Así lo ha visto el líder del principal partido de la oposición, Mariano Rajoy, en sus intervenciones sucesivas durante las sesiones de control al Gobierno en el Pleno del Congreso de los Diputados, aferrado cada miércoles a que sólo hay un problema: el presidente Zapatero. Como si su antagonista fuera capaz sin más ayudas de desencadenar la que estamos viendo en Wall Street. A Rajoy le asiste en estos trances su consejero áulico, Cristóbal Montoro, quien en línea con Francis Fukuyama, proclamó hace años el fin de los ciclos en economía, se apuntó al mito del progreso indefinido y sostuvo que los ingresos del Estado se multiplican en la misma proporción en que se reducen los impuestos. Inútil que John Kenneth Galbraith escribiera en La economía del fraude inocente (Editorial Crítica. Barcelona) que el comportamiento de la economía y, en especial, la secuencia y duración de auges y recesiones no puede ser previsto y que no existe indicios de que la reducción de impuestos tenga algún efecto positivo sobre la recesión.

Porque, además, está comprobado que los directivos y accionistas no se gastan la renta adicional derivada de la reducción fiscal y, por lo tanto, la medida carece de efectos sobre la economía. Sucede, amigo Montoro, que el único remedio fiable para la recesión es una demanda sostenida por parte de los consumidores. De donde pudiera ser que, vía rebajas impositivas, haya más dinero disponible para quienes no lo gastan; mientras, al mismo tiempo, se proyectan privaciones para quienes sí lo harían. Así que, como escribe Galbraith y tenemos averiguado, la recesión exige un flujo constante de poder adquisitivo, especialmente para los más necesitados, que son los que con más seguridad gastarán. Otra cosa es que, pese a estar garantizado el efecto positivo, las medidas que favorecen ese flujo son rechazadas por quienes las consideran una compasión inútil.

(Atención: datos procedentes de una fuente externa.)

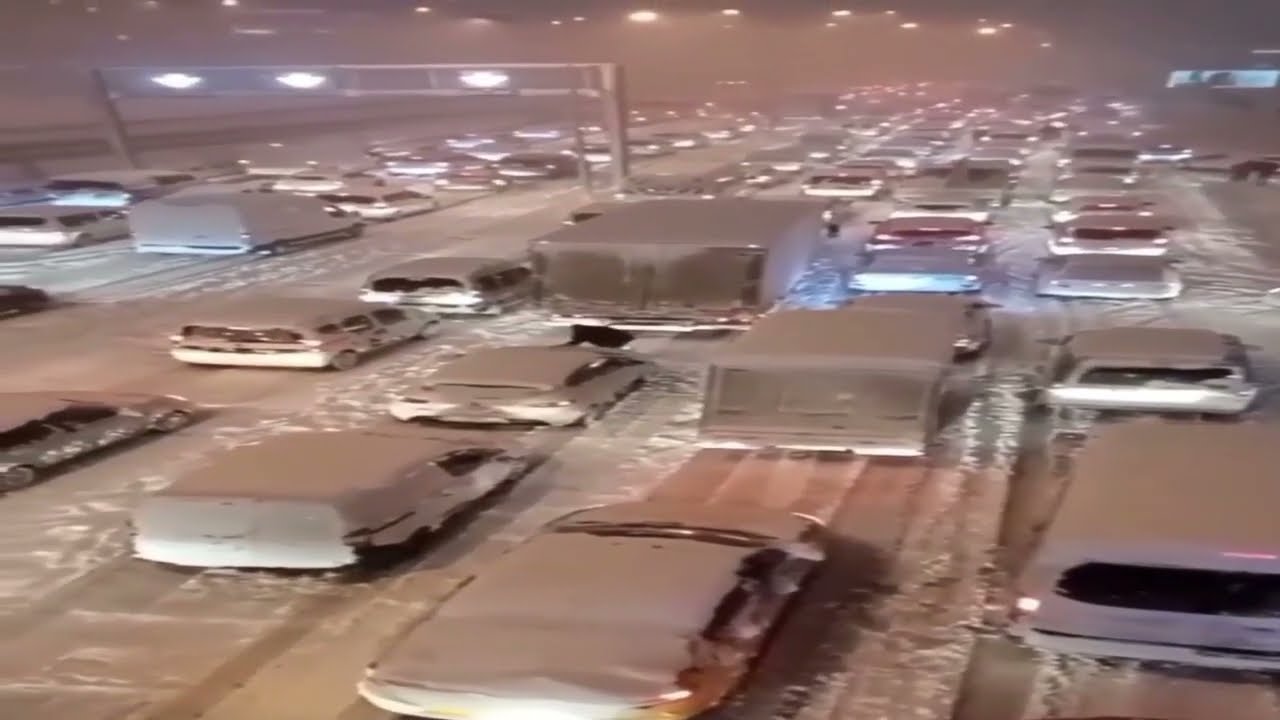 Snow apocalypse in Istanbul! Chaos as snowstorm Aybar hits Balkans and Turkey!
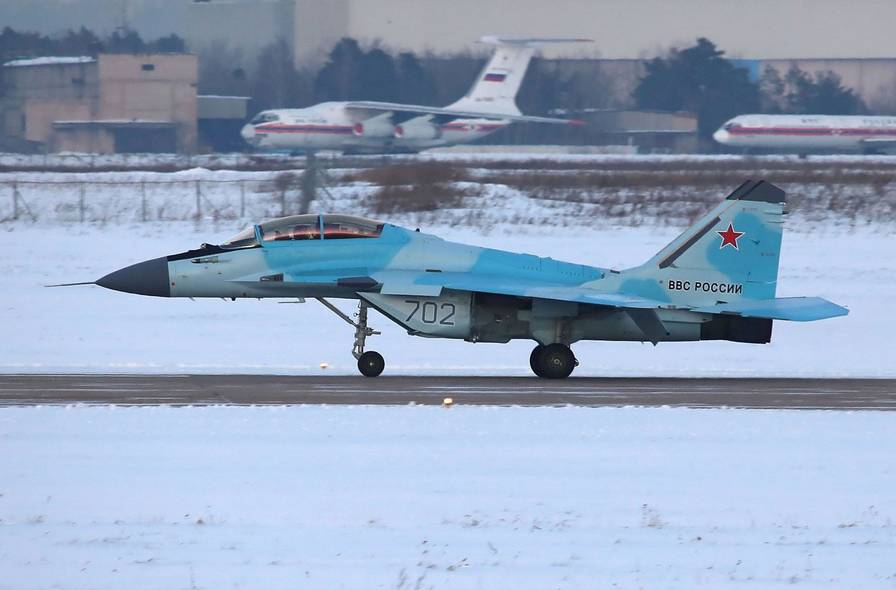Первый серийный многоцелевой истребитель МиГ-35Д борт 702 на аэродроме ЛИИ им. Громова – декабрь 2016 г.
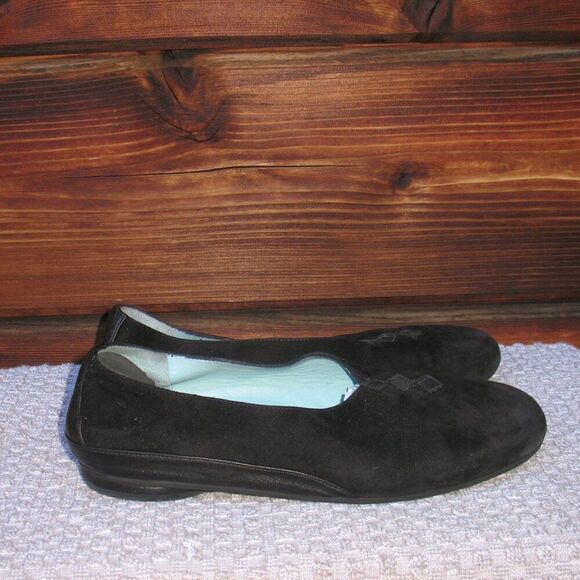 Thierry Rabotin Grace Suede Black Flats - Picture 2 of 10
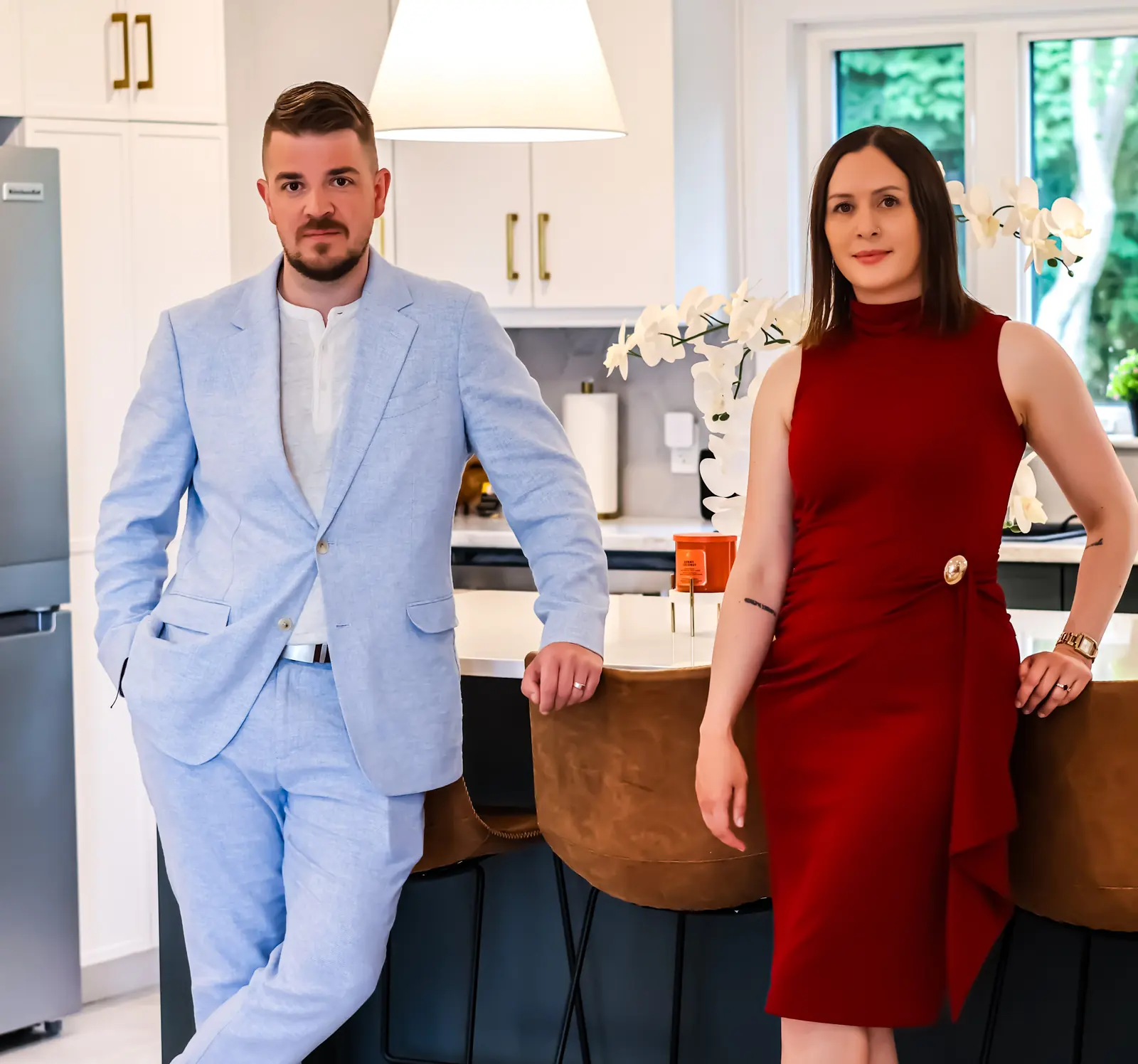 Les cofondateurs de L|S Real Estate Group, Tony Lucas et Natasha Sutherland, devant un îlot de cuisine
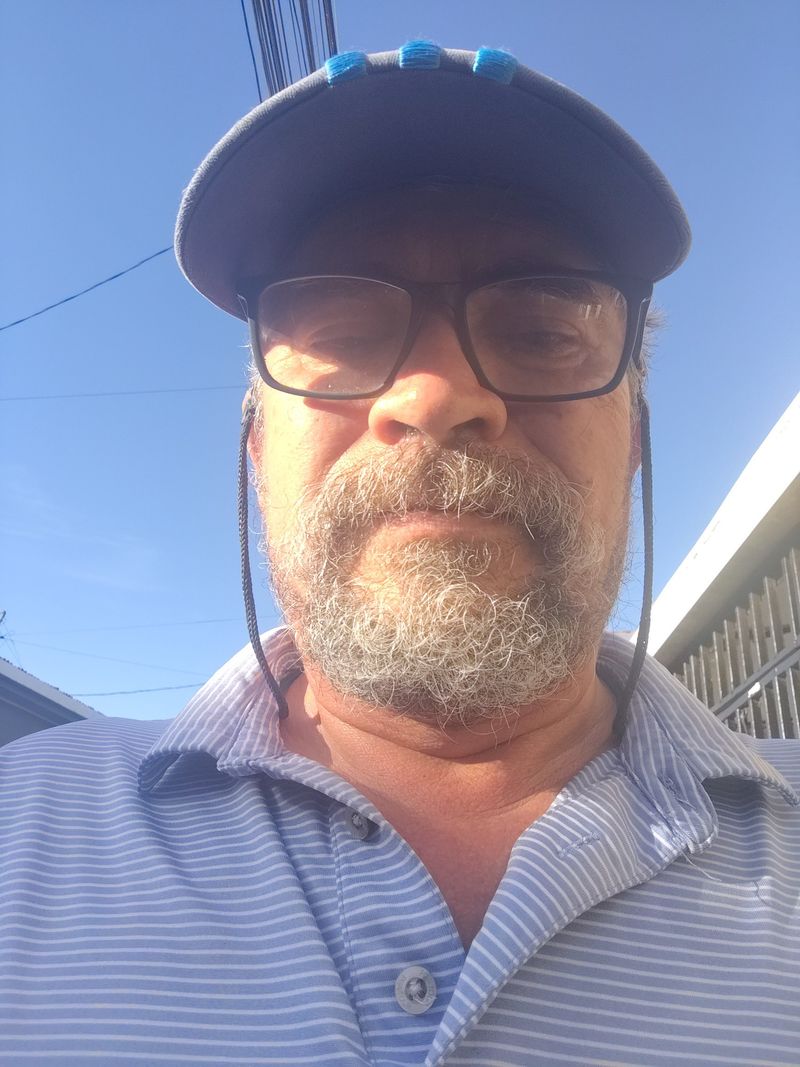 Hugo, 60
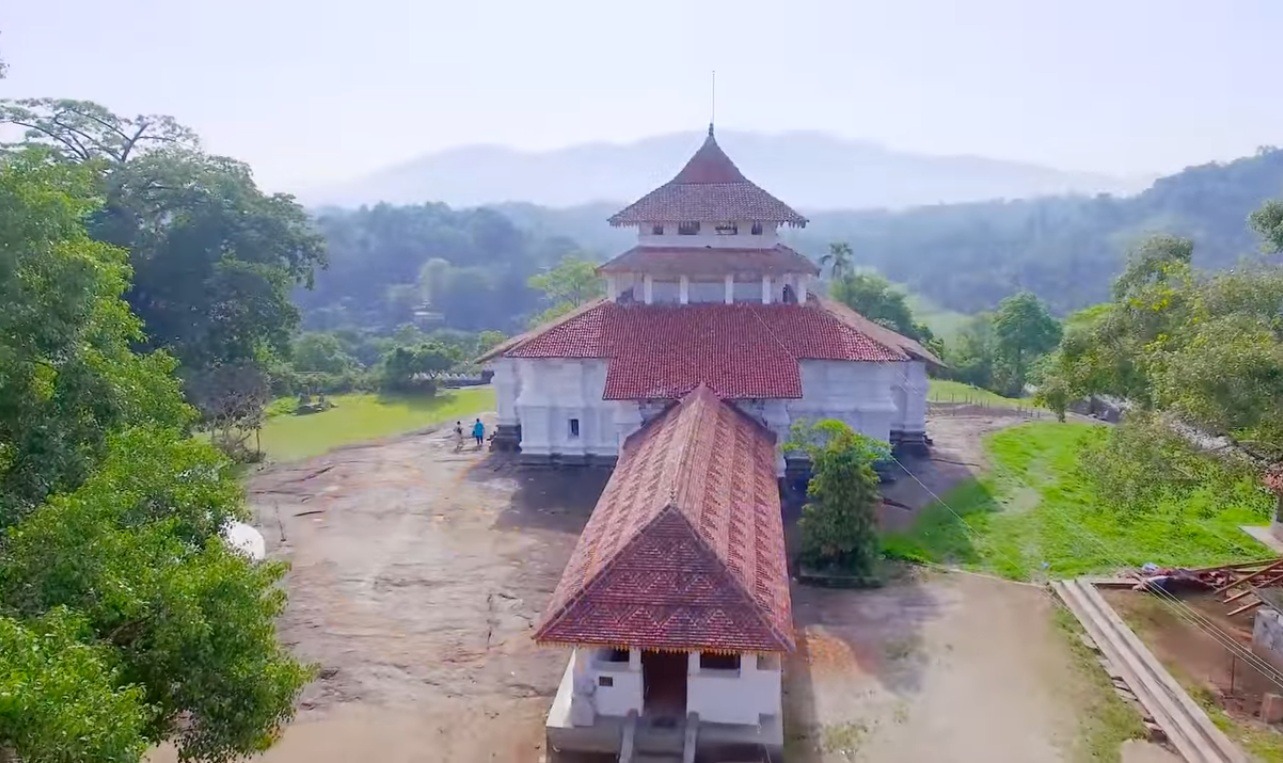 Gadaladeniya temple, Lankathilaka, Embekke temple, places to visit in kandy for couples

De otra parte, es de conocimiento general que el sistema financiero se basa en la confianza y que ningún banco sería capaz de resistir una ola de pánico que precipitara a la totalidad de sus cuentacorrentistas ante las ventanillas de las sucursales para retirar sus depósitos. ¿Qué banco sería ese cuyos activos líquidos superaran el pasivo que ha sabido captar? De modo que la quiebra de la confianza del público sobre la disponibilidad permanente que tiene de retirar sus fondos de cualquier institución financiera acarrearía su quiebra instantánea. Por eso, sorprende que Montoro, en su día ministro de Hacienda con el inolvidado Ánsar, es decir, supuesto conocedor de la dinámica del sector, dijera el domingo que el PP propone crear un aval de 30.000 millones de euros para reforzar el fondo de garantía de depósitos. Una manera de sumar incertidumbre que resulta muy de agradecer. Todo ello en línea con la emisora Intereconomía y la bendita Cadena Cope, que vienen propiciando desde sus antenas la caída de alguna Caja de Ahorros para que dé comienzo el ansiado festín.

Volvamos al título de esta columna, El prestigio del fracaso, sobre el que teorizó en su día Oscar Peyrou. Nada produce más entusiasmo entre nosotros, y por eso al conmemorar el centenario del desastre en 1998 estuvimos a punto de incurrir en otro de semejantes proporciones. Se desploman los bancos de más campanillas, los que andaban objetando nuestra modesta economía. Lo hacen en Estados Unidos, en Gran Bretaña, en Francia, en Irlanda, en Holanda y aquí se diría que cunde el desánimo porque las gentes se preguntan qué país de tercera es el nuestro, incapaz de hacer aportaciones en ese itinerario de quiebras. Claro que nada debe descartarse por completo. Tal vez lo que se precisa es que nos unamos en un esfuerzo mayor hasta que logremos incurrir en algún desastre de relieve. Recordemos el entusiasmo que suscitaron las dificultades de la peseta cuando bordeaba el límite de oscilación del sistema monetario europeo. Las emisoras se ocupaban de la cuestión con los mismos tonos anhelantes dedicados a la búsqueda del gol en un partido de la selección. Todo sea por Montoro. Tal vez así se faciliten las movilizaciones sociales que anima.